Binary Codes

One thing I enjoy about tracking progress on machine learning research is that it is full of simple yet powerful ideas. Ideas that can be summarized in a few sentences and easily understood without much of additional context or preliminary knowledge. Of course it's an oversimplification, there are lots of details that need to be done right for the idea to work and a lot of experiments to be conducted to find the right ideas when searching over the infinite space of all simple ideas. Nonetheless, it is uplifting that simple ideas are still regularly discovered after decades of research.

In that sense, it feels similar to the beginning of information theory. In 1948 Shannon introduced entropy and proved that it is a lower bound on expected code length if the code is uniquely decodable. Additionally, in order to show that we can get arbitrarily close to entropy, Shannon described an efficient coding algorithm.

Shannon Coding

Let $A = {a 1, \dots , a n}$ be an input alphabet with probabilities of occurrence $p 1, \dots , p n$ . We assume that symbols are sorted in a decreasing order, $p 1 \geq \dots \geq p n$ . At the beginning we set $P \leftarrow 0$ . For every symbol $a i$ :

set codeword $code(a i)$ of symbol $a i$ to the first $⌈-log 2 (p i)⌉$ bits of a binary representation of $P$ ,
increase $P \leftarrow P + p i$ .

Let's consider an example with an alphabet $A = {a, b, c, d, e}$ and the corresponding probabilities $0.39$ , $0.2$ , $0.18$ , $0.13$ and $0.1$ . The lower bound for the average code length is the entropy, $H(A) \approx 2.15$ .

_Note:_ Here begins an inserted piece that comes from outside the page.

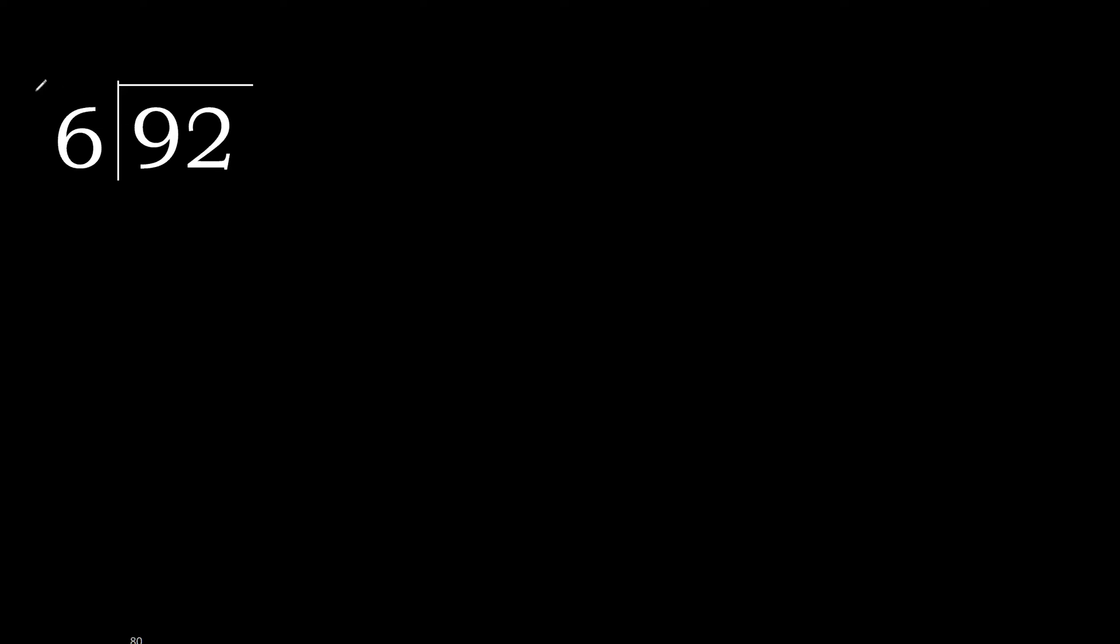92 divided by 6. 9 is not less, therefore with 9. 6 multiplied by which number is nearest to 9 but not greater?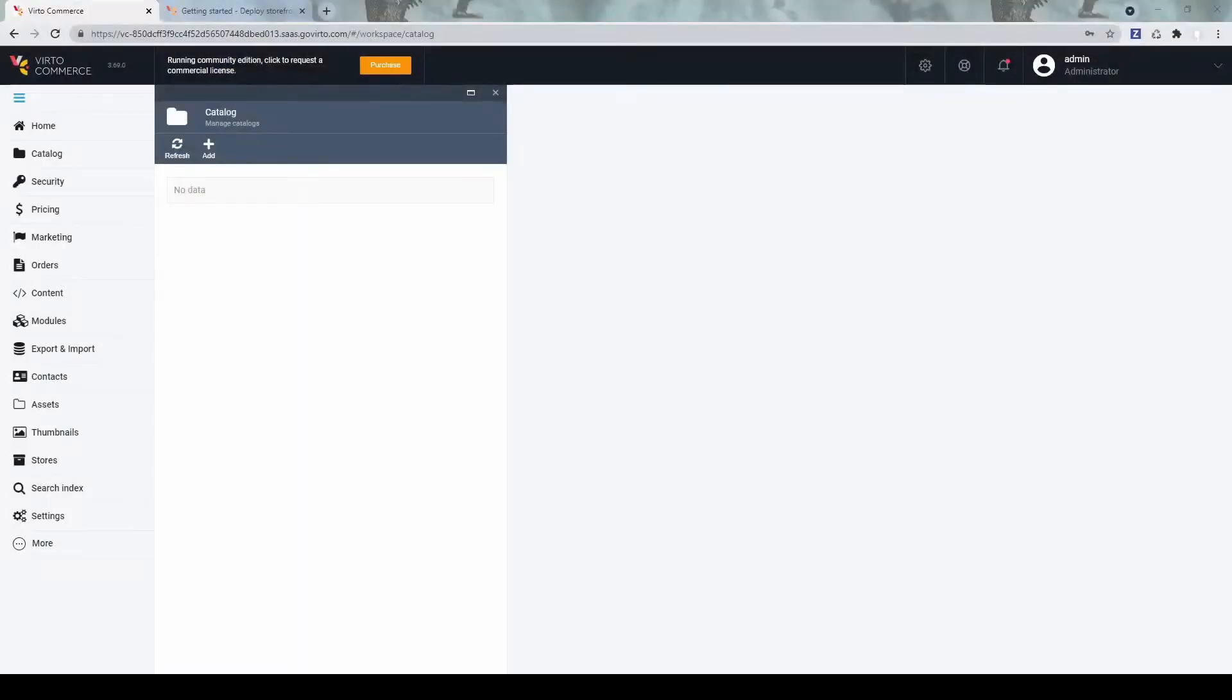Welcome to VirtuCommerce video tutorials. In this tutorial, we'll review how to configure a storefront for a cloud-based platform deployment.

$a i$	$p i$	$⌈-log 2 (p i)⌉$	$P i$	$code(a i)$
$a$	$0.39$	$⌈1.35 \dots ⌉ = 2$	$0.00 = 0.00000 \dots (2)$	$00$
$b$	$0.2$	$⌈2.32 \dots ⌉ = 3$	$0.39 = 0.01100 \dots (2)$	$011$
$c$	$0.18$	$⌈2.47 \dots ⌉ = 3$	$0.59 = 0.10010 \dots (2)$	$100$
$d$	$0.13$	$⌈2.94 \dots ⌉ = 3$	$0.77 = 0.11000 \dots (2)$	$110$
$e$	$0.1$	$⌈3.32 \dots ⌉ = 4$	$0.90 = 0.11100 \dots (2)$	$1110$

The average code length is $2.71$ , but we can see that the code is far from optimal as some of the trailing bits are redundant and could be dropped.

Fano Coding

The Fano's method is best described as building a binary tree in which edges are labeled by 0s (left edges) and 1s (right edges). Input symbols are represented by leafs. A codeword of each symbol is uniquely determined by edge labels from root node to the leaf corresponding to that symbol. You can see an example of such tree in the demo below. Assuming that the input alphabet is sorted as before, to build a tree representing Fano codes we run the following procedure:

if there's only one symbol, return a tree consisting of a single node labeled by that symbol,
otherwise find a position $i$ such that $p 1 + p 2 + \dots + p i$ is as close as possible to $p i + 1 + p i + 2 + \dots + p n$ ,
recursively build trees for the two subsets of the symbols,
return a new tree with the two trees as subtrees, labeling the left and right edges with $0$ and $1$ , respectively.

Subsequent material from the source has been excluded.